PROBLEM REQUIREMENTS
In the records below, repeat exactly the lines between the line holding "Used Tesla Model" and the line holding "2nd image of 13304 63rd St NW", inclusive, and drop the pictures.

AVAILABLE DATA
Start of Block
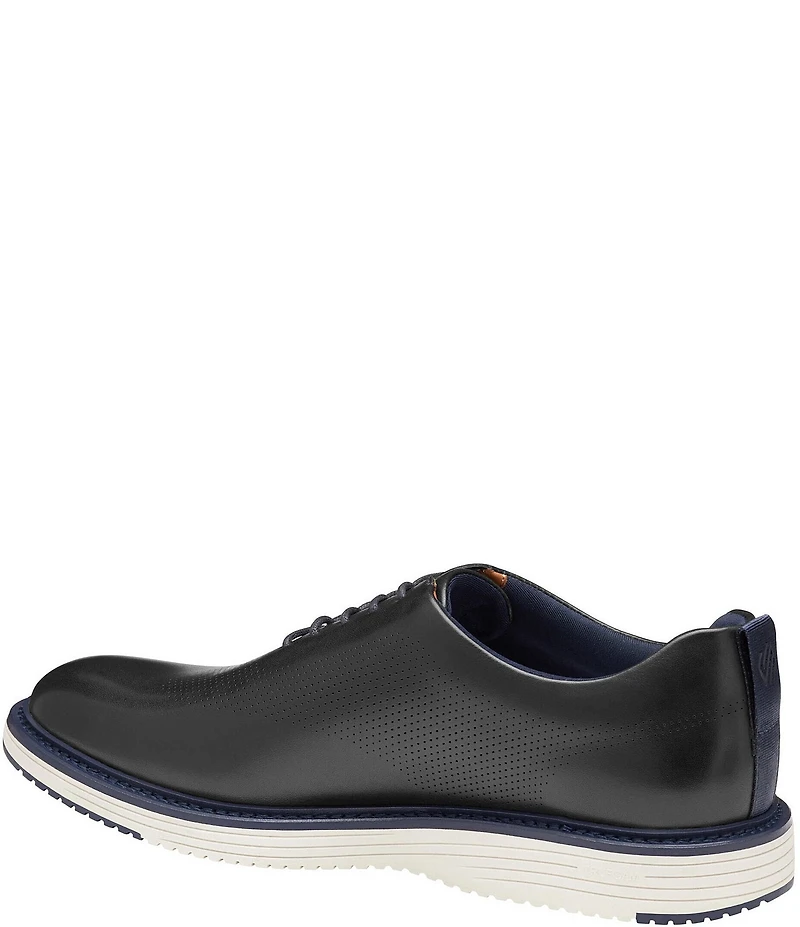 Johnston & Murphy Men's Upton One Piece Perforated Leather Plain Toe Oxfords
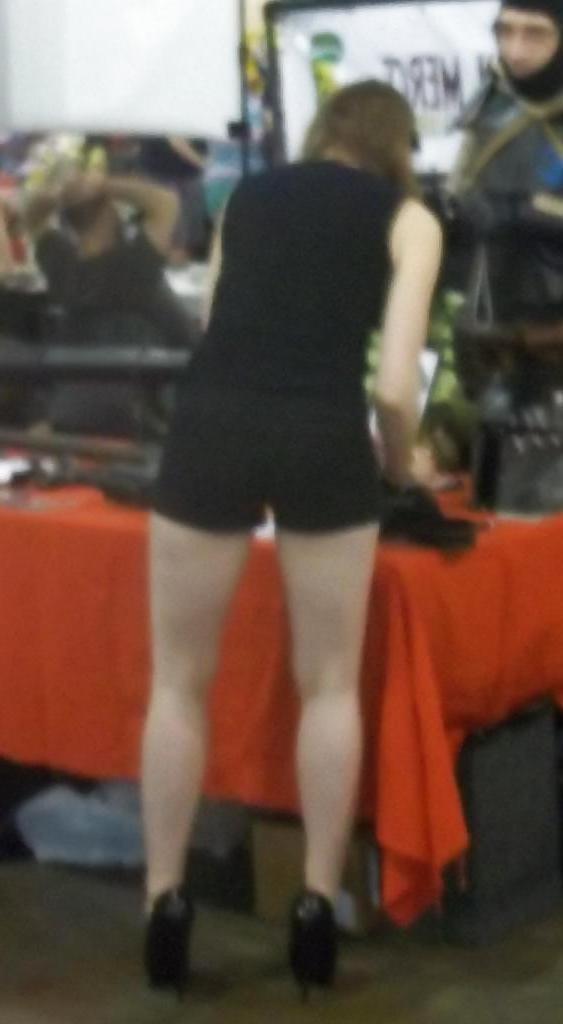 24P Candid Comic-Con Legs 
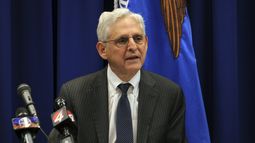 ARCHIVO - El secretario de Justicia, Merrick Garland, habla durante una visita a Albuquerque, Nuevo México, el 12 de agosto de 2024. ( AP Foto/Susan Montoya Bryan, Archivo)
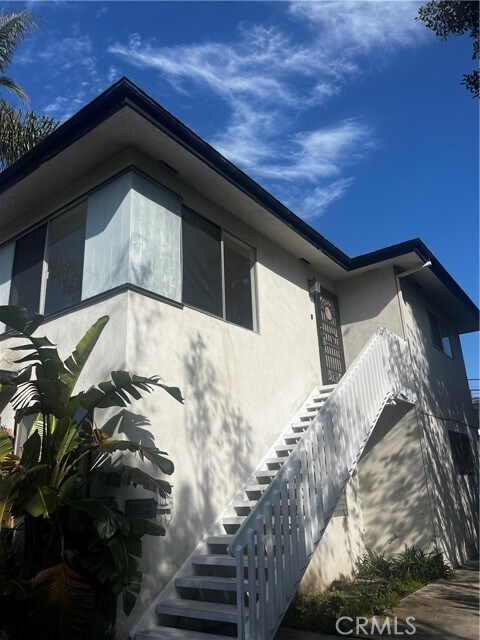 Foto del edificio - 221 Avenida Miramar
End of Block
Start of Block
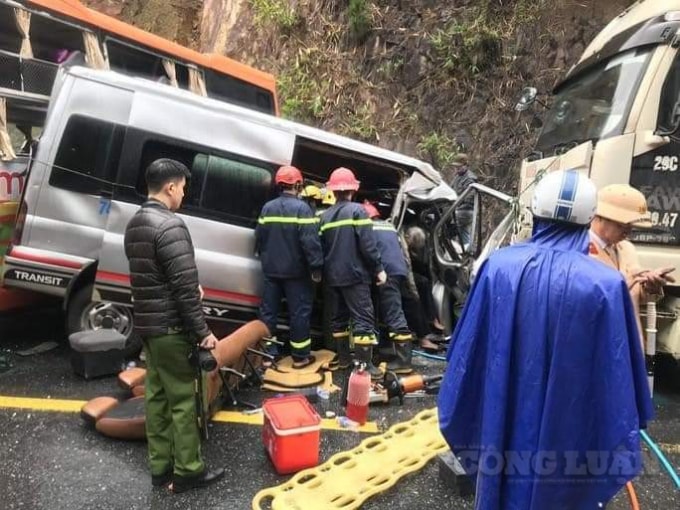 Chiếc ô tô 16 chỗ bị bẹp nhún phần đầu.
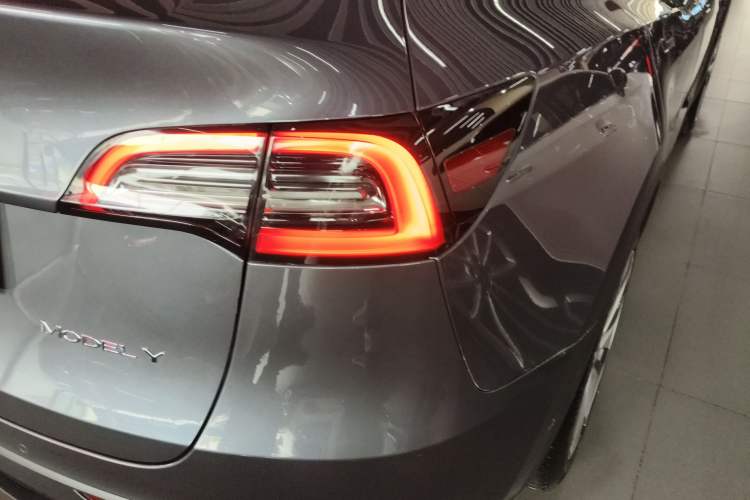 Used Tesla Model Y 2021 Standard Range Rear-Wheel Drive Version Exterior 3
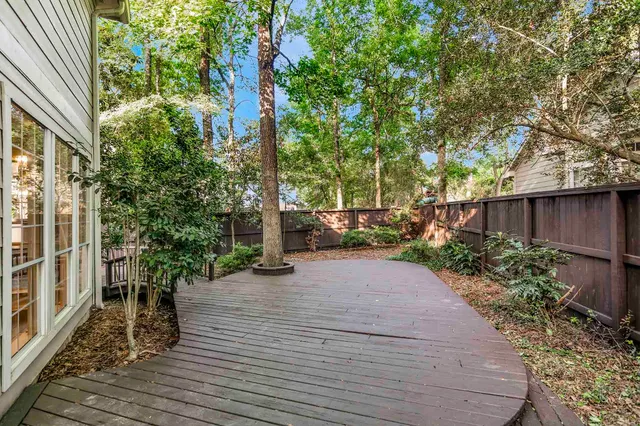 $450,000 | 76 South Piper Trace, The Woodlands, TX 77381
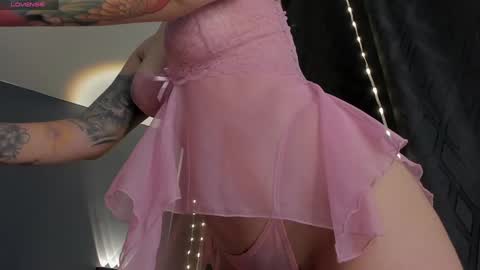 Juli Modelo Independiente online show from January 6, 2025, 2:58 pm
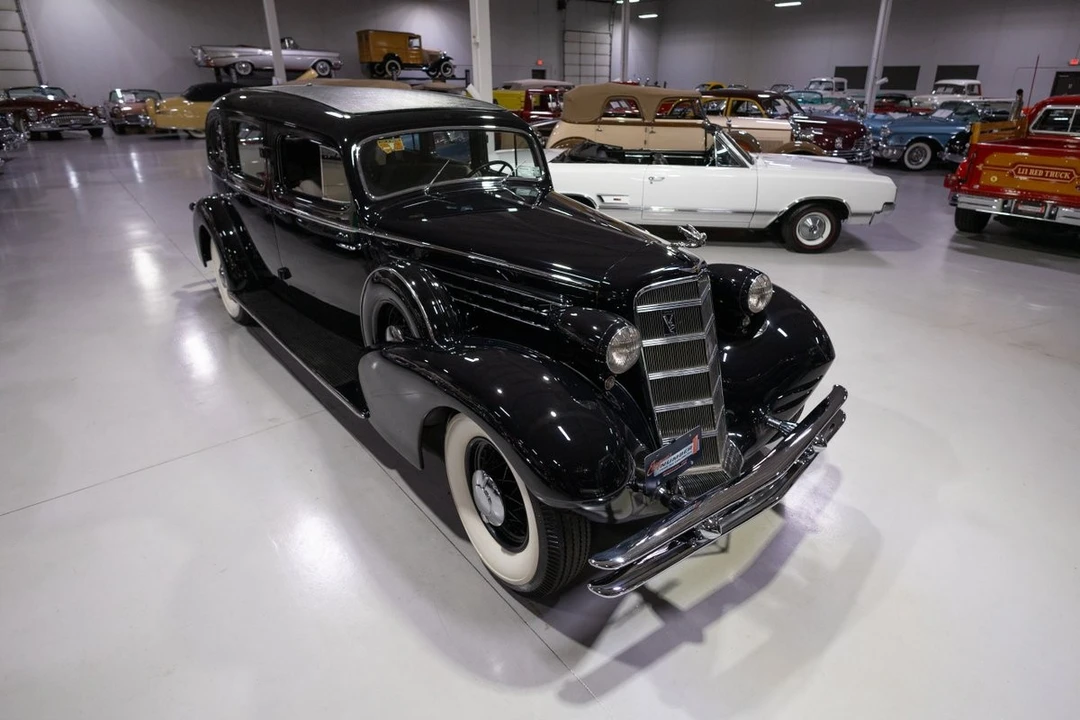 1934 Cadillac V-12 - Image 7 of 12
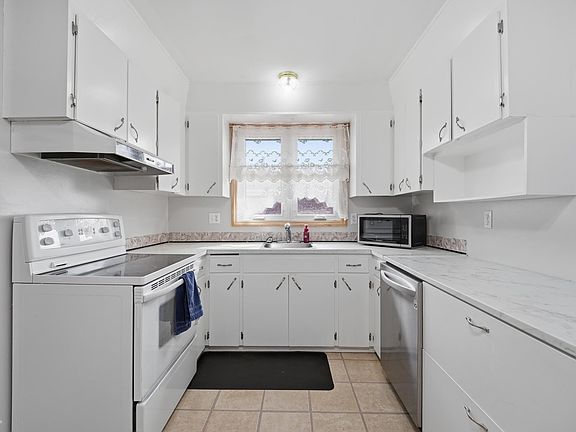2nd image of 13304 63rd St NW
End of Block
SOLVED PROBLEM
 Used Tesla Model Y 2021 Standard Range Rear-Wheel Drive Version Exterior 3
 $450,000 | 76 South Piper Trace, The Woodlands, TX 77381
 Juli Modelo Independiente online show from January 6, 2025, 2:58 pm
 1934 Cadillac V-12 - Image 7 of 12
2nd image of 13304 63rd St NW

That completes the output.